Gokul turned silent for a long time, turned his increasingly tears swelled eyes away from me and ultimately mumbled softly with great effort.

“One morning I had a huge hangover and…. couldn’t get up to sit at the store down stairs…..Oh Krishna… I still repent my stupid chronic drinking and allowing Vishnu to take my place. Oh my god why did I do that... why I was so foolish…. forgive me Vishnu?”

Gokul tried to wipe streams of tears from his sad face and in almost crying voice, he continued, punctuated with loud hiccups.

“I faintly heard people banging my door…. somehow wobbling down to the shop… That son of bitch Ali laughing… holding a gun …mouthing obscenities, asking about Shankar…the lifeless body of Vishnu… blood oozing from his head...Police arrived…warned and aimed guns at the madman...Ali raised the gun at police…One gunshot and that motherfucker slumped…. Only if I had not been so drunk… Vishnu would be alive…why did he have to die?

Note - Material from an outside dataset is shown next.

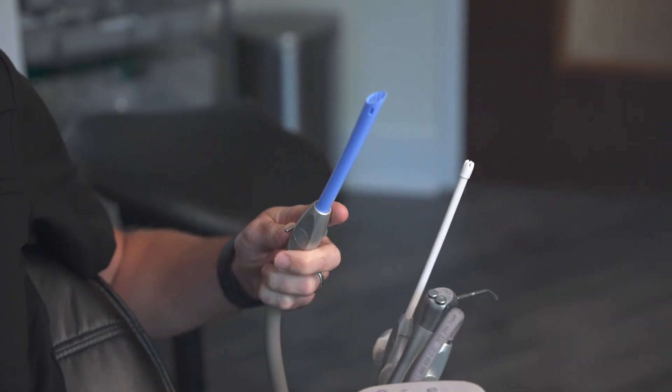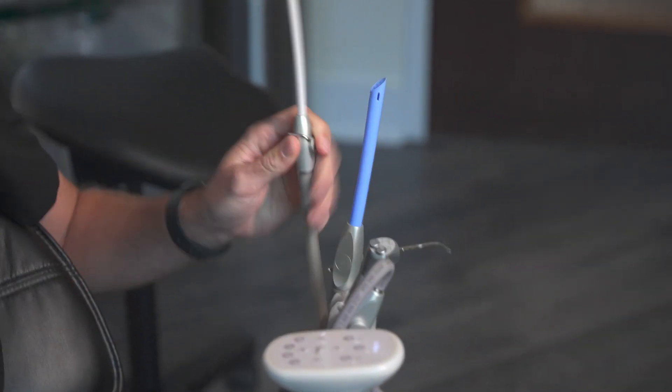This one we call the high vac. It sucks a lot of air. Don't put your mouth around this — it's gonna take your breath away. Instead, this is the small vac. Much smaller, better to get your saliva for you. It won't take your breath away, trust me.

Everyone knows he died because of me…I killed him…Oh Krishna…forgive me…”

He slumped down on the floor with streams of tears flooding his contorted face.

“This is our sordid past …that is what you were so hungry to dig up…weren’t you? You fucking pain digger...go away…now…don’t ever show your face again…go…write a story or make a film…get out…. you sleazy bastard… ”

Gokul started to weep loudly, rolling on floor, howling like a small child, beating his chest hard.

It was a long time before his weeping slowed down. I felt frozen, immobile and unable to comfort him in any way. The words seemed to have lost any meaning. A thick cloud of painful gloom had enveloped me completely in the heart wrenching tragedy of my hosts.

I suddenly become aware and was drawn to muted hiccups and sobbing from the other room.

KB was sitting on a lone chair looking at a large portrait with profound sense of loss and weeping as if trying hard to clean his wounded soul. The handsome man in the portrait had an uncanny resemblance to the weeping Shankar.

I stood speechless with a lump in throat and an increasingly blurred vision. 

Madhav Singh asserts his moral right as writer of this fictional story.